Ignacio Camacho-ABC
- Qué difícil nos pone Rajoy la voluntad de echarlo de menos; para una vez que se mueve elige el peor momento
Entre las muchas penitencias morales e intelectuales que nos impone el Gobierno de Sánchez está la de hacernos añorar a Rajoy cuando ni siquiera él parece añorarse a sí mismo, o al menos no respeta como es debido su propio perfil institucional y el legado político que reivindicó -sin mucho entusiasmo, como de costumbre- en un exitoso libro. Su sucesor ha conseguido, a base de ineficacia y cinismo, que muchos españoles echen de menos a un presidente tan abúlico, tan agalbanado, tan cansino que ni cuando lo estaban desahuciando en el Congreso -ay, aquella resignada sobremesa con su círculo íntimo- fue capaz de sentirse concernido.
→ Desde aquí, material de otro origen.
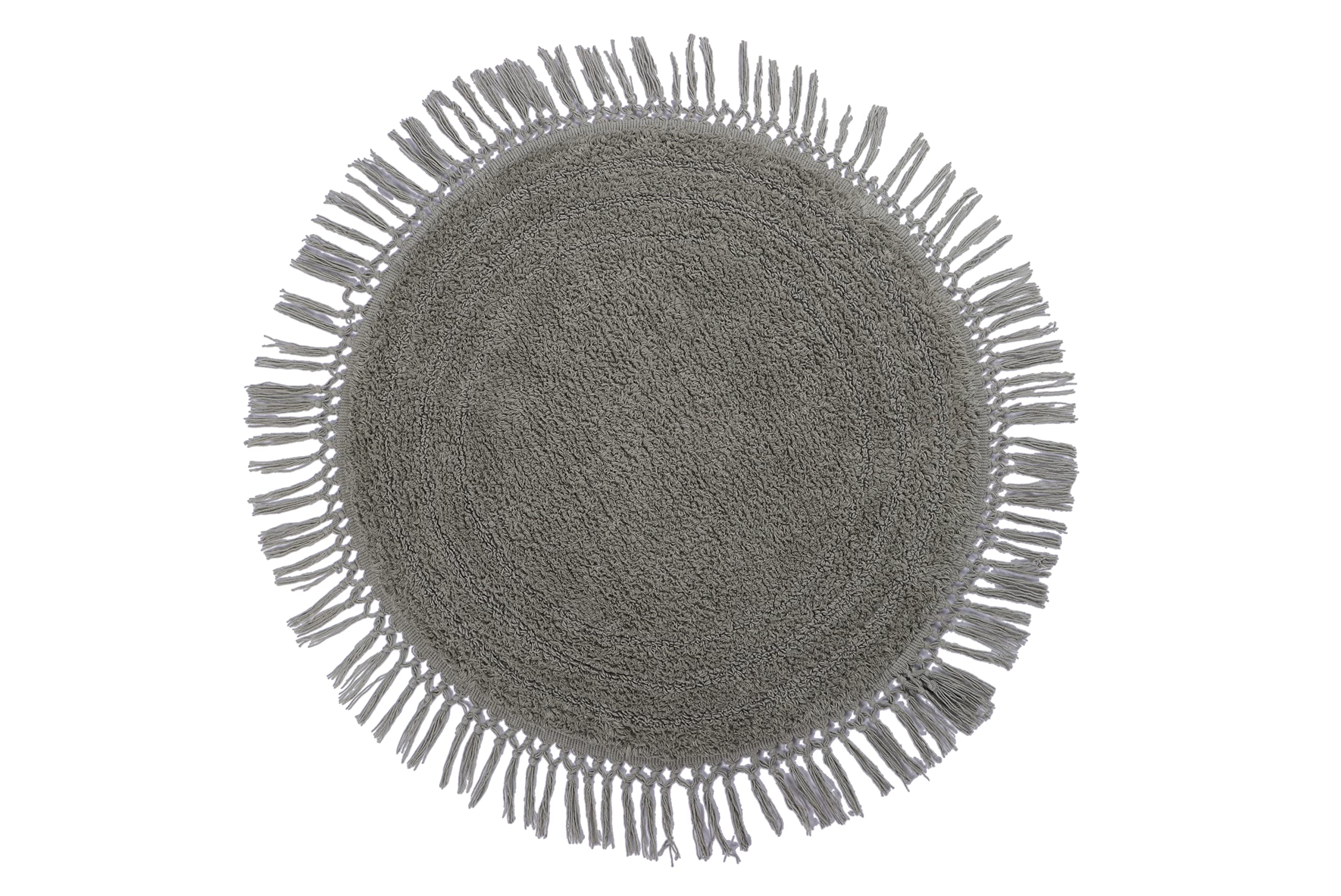 Deconate Soft Absorbent Cotton Bathroom Rug Mat - Plush Durable Modern Round Bath Mat for Bathroom & Entrance - Easy to Clean, 25 Inch, Moksha Grey - Perfect for Bathrooms, Showers & Home Decor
Y es precisamente esa sensación de desamparo comparativo la que debería motivarlo a preservar desde
el retiro la memoria de un mandato cuyos abundantes errores palidecen ante el actual cúmulo de engaños y desatinos. Fue elegante en su negativa a inmiscuirse o a influir en el nuevo liderazgo de su partido, pero no es de recibo esa forma suya de desentenderse de todo, de ponerse el mundo por montera y de mostrar incluso alivio por sacudirse la responsabilidad y desembarazarse de sus aborrecidos «líos». Y menos, el desahogo inoportuno y frívolo con que, sin que se le haya oído una palabra sobre la crisis del coronavirus, ha salido a dar carreritas por los alrededores de su domicilio, desdeñando las medidas de excepción que mantienen a todos los compatriotas recluidos. Claro que el azar siempre espera apostado en algún recodo del camino: en el pecado (venial, intrascendente, nimio) lleva la condena de que lo haya pasado a cuchillo la televisión que graciosamente -y saltándose un dictamen de la Comisión de Competencia- regaló a sus enemigos para que pudiesen demoler a gusto su figura, su gestión y su prestigio.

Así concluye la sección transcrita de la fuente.